I was not a Grateful Dead fan growing up. I listened to only Top 40 until I got to college and even then, the Grateful Dead was still a little too out there for a kid from the South. I was afraid of them for some reason. Maybe it was the drug culture, maybe it was the long hair, maybe I was just an idiot. I knew some of the bigger songs, of course, like “Truckin’” or “Casey Jones” or “Uncle John’s Band” or “Sugar Magnolia,” but that was about it.

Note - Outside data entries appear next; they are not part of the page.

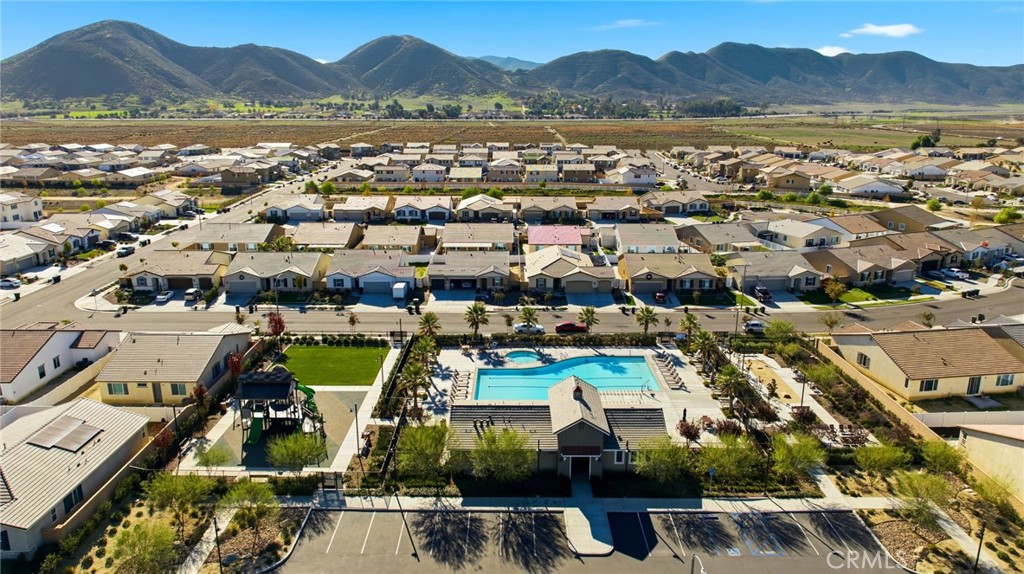 1903 Breachy Way Hemet, CA 92545 - Photo 28 of 28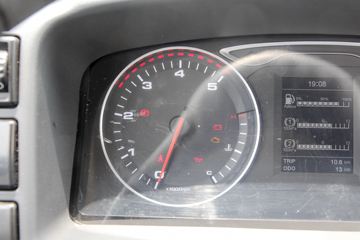 ���� ����V8 170���� 4.15�׵�����ʽ�ῨͼƬ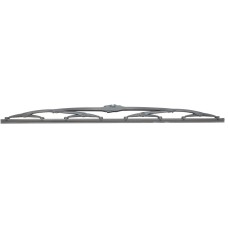 Щітка склоочисника (550mm) Audi/BMW/Citroen/Daewoo/Daf/Jeep/Kia/MB/Opel/Peugeot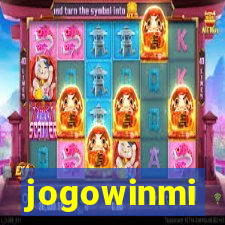 jogowinmi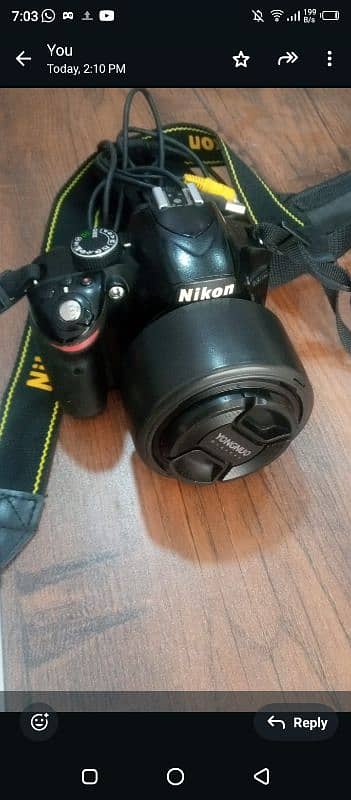 nikon 1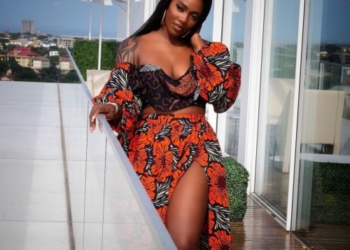 Tiwa 2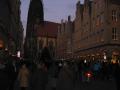 Thorsten  (10)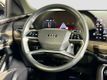 2025 Audi Q5 2.0T Premium - 23047218 - 9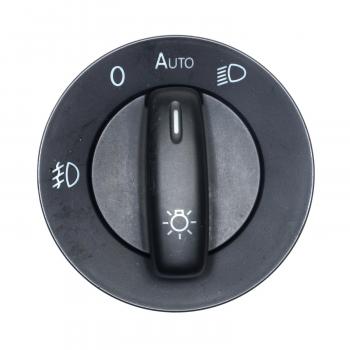 Standard Motor Products HLS1390 Headlight Switch product image 1 of 3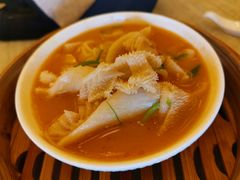 -潮府馆·非遗潮州菜·世纪公园(新国际博览中心店)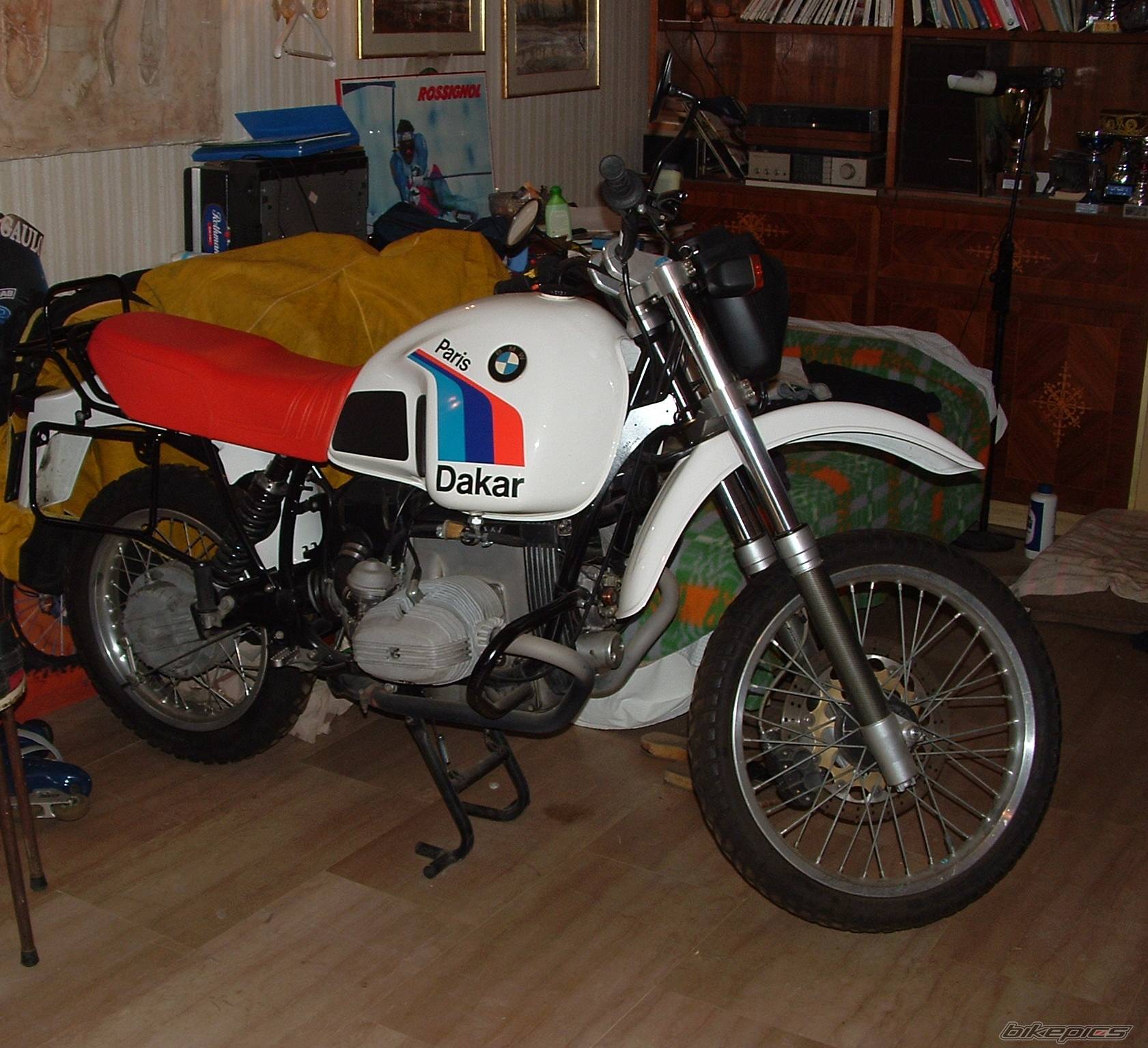 Photo 284225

Then when I started working at Billboard, some of my colleagues were rabid fans and I realized I’d really missed out. Their fans weren’t all major stoners who followed the band around and sold toast on a stick in the parking lot at the shows. And so what if they were? How great to feel so passionate about a band that you wanted to see them as many times as you could.
When Jerry Garcia died in 1995, I had friends who could not stop crying. It was like a death in the family for them and the end of an era that would never come again, no matter how much other jam bands tried to fill the void.
One of big regrets is that I never saw them live. They would take over Madison Square Garden when I lived in New York for a series of shows and even though I could have walked to MSG from our offices, I never went.
Two years ago, I wrote a story for the Los Angeles Times about the band’s push into merchandising. The remaining members had put the new record executive in charge of licensing their image through his paces. He was an incredible Deadhead. He was able to answer questions about obscure songs like “Victim or The Crime” and that’s how he gained their trust. I interviewed Mickey Hart for the piece and it remains one of my favorite interviews. What the band did in terms of building a community, not just with its fans but with everyone who worked with them, was groundbreaking. They have such a legacy of giving back, especially in the San Francisco area.
On Saturday, Berkeley’s listener-sponsored radio station KPFA is holding its 27th annual Grateful Dead Marathon, “Dead to the World,” from 9 a.m. to 1 a.m., hosted by David Gans. There is also an auction of GD memorabilia.
So today’s $10 goes to all my Deadhead friends and to help make up for all the years I missed out on some great music. Saturday's marathon will stream online live via KPFA's website, as well as on some partner websites. I'll be listening.